HP confirms PCs, printing will merge
SAN JOSE, Calif. – Hewlett-Packard Co. on Wednesday confirmed plans for a corporate overhaul that will combine two of its biggest divisions, printing and PCs, in an effort by new CEO Meg Whitman to turn the troubled tech giant around.
Under the reorganization, which represents some of the biggest changes at HP in years, Whitman also is consolidating global sales, marketing and communications functions that had been spread across different business units.
“The result will be a faster, more streamlined, performance-driven HP,” Whitman said in a statement Wednesday morning.
The announcement does not mention any cutbacks or layoffs, although industry experts have said that some cuts are likely as Whitman follows through on a promise to streamline HP’s far-flung tech businesses and trim operating costs.
HP’s announcement did confirm a significant shake-up in the executive ranks: The combined printing and PC unit will be led by longtime PC chief Todd Bradley, 53, who is widely credited with helping make HP the world’s No. 1 seller of PCs in recent years.
Veteran printing head Vyomesh “VJ” Joshi, 57, will leave the company.
In addition, HP said its global accounts organization, responsible for selling commercial tech products to big customers around the world, would be added to the responsibilities of David Donatelli, an executive vice president who already oversees the HP division responsible for producing commercial data center hardware, such as servers, storage and networking gear.
The company said Jan Zadak, an executive vice president who had overseen global sales, will move into a new role that will be announced later.
HP also said it will consolidate marketing functions from different business units under Marty Homlish, the company’s chief marketing officer.

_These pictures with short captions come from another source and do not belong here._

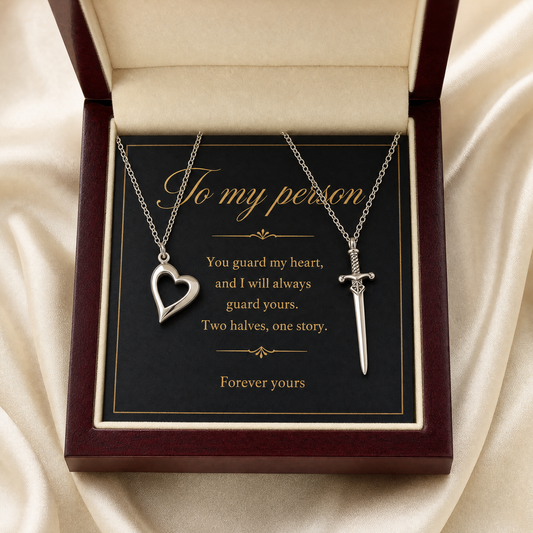 Heart and Sword Necklace Set in its gift box with message card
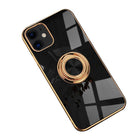 Black Luxury Shockproof Silicone Ring Case Stand Cover for iPhone 14 13 12 Pro Max - Aimall
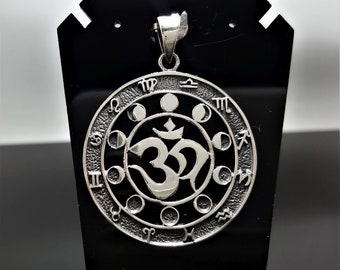 Moon Phases Om Aum Pendant STERLING SILVER 925 Zodiac Signs Astrology Energy Balance Sacred Symbols Talisman Amulet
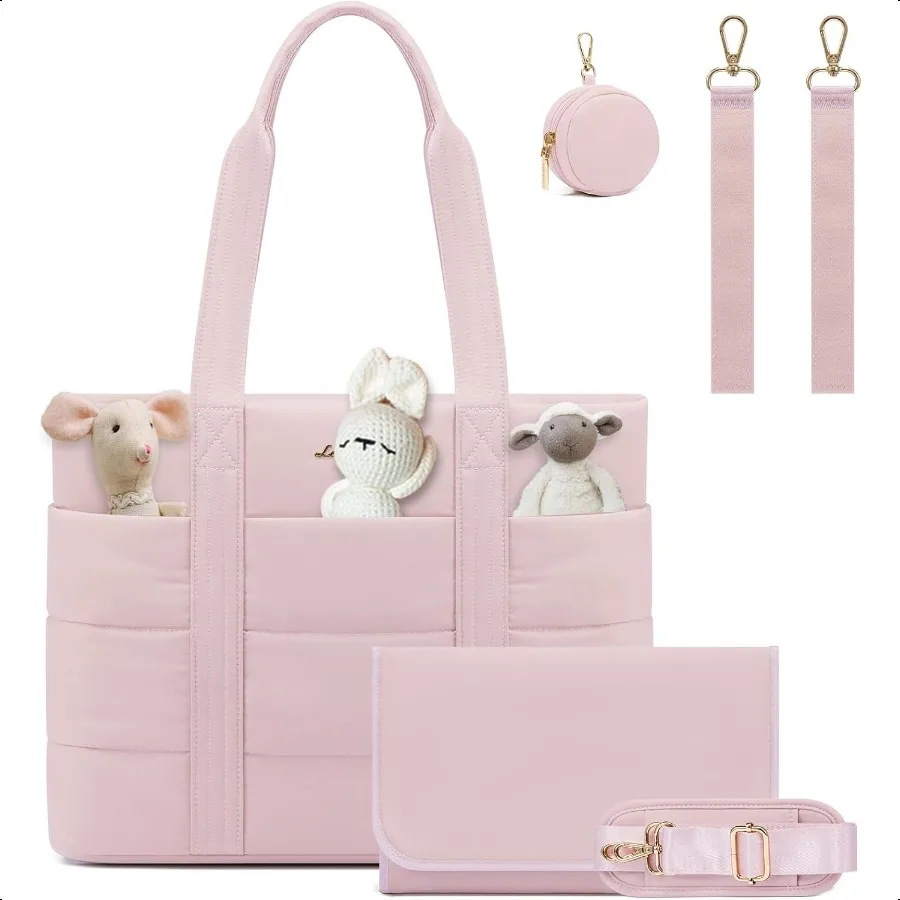 

Сумка для подгузников LOVEVOOK, сумка-пуховик 15,6 дюйма, сумка для детских подгузников, водонепроницаемая дорожная сумка для подгузников с пеленальной подушечкой, чехол для соски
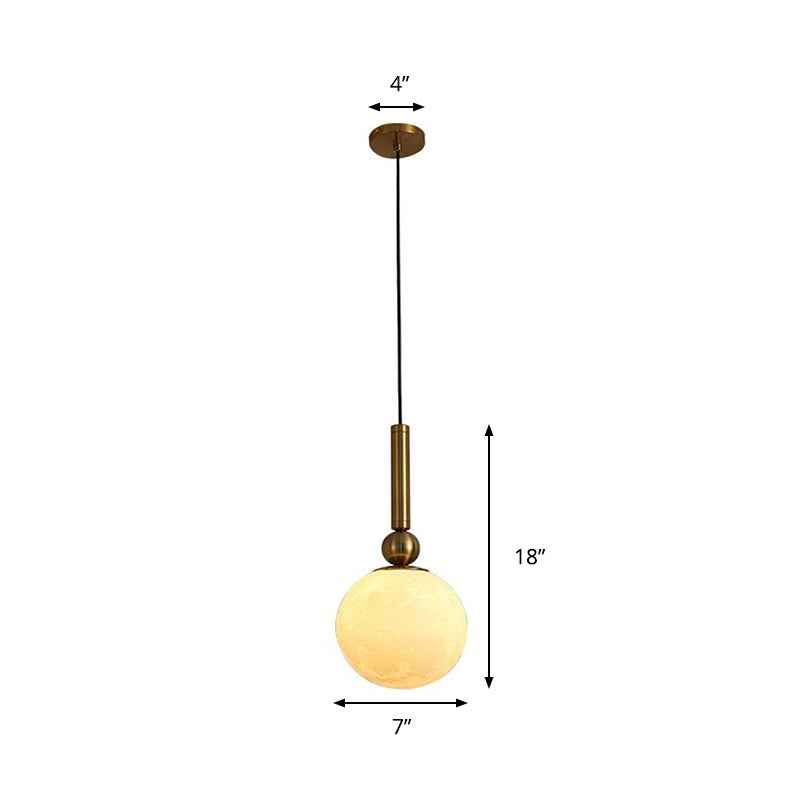 Simple Gold Led Bedroom Pendant Lamp With Frosted Glass Shade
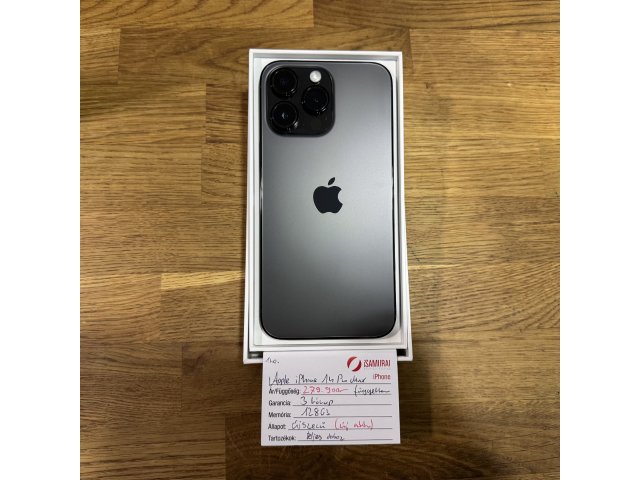 140. Apple iPhone 14 Pro Max - 128 GB - Space Black - Újszerű - ÚJ AKKU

Similarly, chief communications officer Henry Gomez will now oversee public relations staffers across the company.
The biggest changes, however, involve printing and PCs, which have been the powerhouse businesses at HP in past years, but which are no longer the biggest growth engines.
Printing and PCs provided a combined $15 billion in revenue for HP last quarter, or about half the company’s total sales. But both divisions have reported slowing sales in recent years, as printing habits have changed and consumers have turned to smartphones and tablets as alternatives to PCs.
HP has considered a number of broad changes for its PC and printing groups in recent years, including former CEO Leo Apotheker’s controversial proposal last summer to get out of the PC business entirely. That plan was part of a broader strategic effort to emphasize more profitable businesses, including commercial software and cloud computing.
Whitman vetoed the idea of a PC spinoff soon after she replaced Apotheker last fall, after concluding it didn’t make financial sense. But she has said HP will continue to expand its software and commercial tech businesses.
Reaction on Wall Street to the new plan was mixed.
ISI Group analyst Brian Marshall called the plan “a positive move aimed at value creation.” In an interview, he said combining the two groups should allow HP to cut some redundant costs and increase its buying power for components and other supplies.
Needham analyst Richard Kugele, however, said in an email that he views the restructuring “as a worrying sign” that the printing division may have deeper problems than HP has previously acknowledged. “We believe Bradley can fix the operation, but it would likely take a considerable amount of time.”
Some analysts said the new corporate structure in particular shows the declining prominence of printing at HP. Printing was once the company’s biggest business, providing a third of HP’s annual revenue and more than half its operating profit during the middle years of last decade. But printing’s contribution has gotten smaller as HP has expanded in data center hardware, software and tech services.
While sales of PCs and printers are not drying up overnight, analysts say both businesses are threatened by new technology trends. Many consumers and workers are turning to smartphones and tablets instead of PCs, and they are increasingly using those devices to store and display documents and photos, instead of printing them out.
HP hopes that merging the two divisions will help save money by consolidating sales and other functions. A source familiar with HP’s plans, who spoke on condition of anonymity, said the company also hopes to design and market its printers and PCs more effectively together.
The effect of any cutbacks could not be determined Wednesday. HP has nearly 350,000 employees but it does not provide a breakdown by division. The printing business is headquartered near San Diego, while the PC unit has been based in Silicon Valley.